It’s just one landmark on the freewheelin’, open-hearted prowl of Coyote, Wayne’s 10-song album produced by Daniel Dennis (Beth Crowley, Chris Michael, Callie Prince). Steeped in the maverick ways of Steve Earle, Lou Reed and others, it’s sometimes rough ’n’ tumble, and sometimes as smooth as a Tennessee single-barrel bourbon with a splash of Appalachian agua. Arriving April 22 via local label one horse nashville, the album was introduced last fall with the release of I’m a-Gonna, a twangy barroom ditty about pulling on the reins and taking yourself home before you muck up.
Other standouts include the Young-inspired High Wire, the Jerry Lee Lewis boogie Ain’t Young Ain’t Pretty, the Memphis-brass shuffle Lettin’ Go of Hangin’ On and the Ry Cooder-esque title track, a not-so-thinly-veiled look at the firmament that is the music business. “It’s about my experience pitching to Music Row. It’s about the lip service and bromides ya hear from all quarters. About living on the outside looking in. It’s about talking some trash and being OK doing my own thing,” admits Wayne.
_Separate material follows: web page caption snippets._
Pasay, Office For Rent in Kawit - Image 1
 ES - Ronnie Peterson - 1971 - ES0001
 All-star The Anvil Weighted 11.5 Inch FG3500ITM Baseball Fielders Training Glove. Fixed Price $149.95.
Coyote marks his second collaboration with producer Dennis. The pair first worked together on his 2019 EP Ragged, which contained the Rolling Stones-flavored Partner in Crime. For the new recording, Dennis once again enlisted some of Nashville’s finest, including keyboardist Lee J. Turner (Darius Rucker, Bo Bice, Miranda Lambert), pedal steel player Mike Daly (Hank Williams Jr., Travis Tritt), Tim Lorsch (fiddle, cello) and vocalist Madison Hardy Dennis.
After two years of writing, recording, and the occasional zoom excursion, Wayne is ready to bring the songs to life at a special record release show this spring with the cast and crew from Coyote. The journeyman is eager to throw back his head and howl.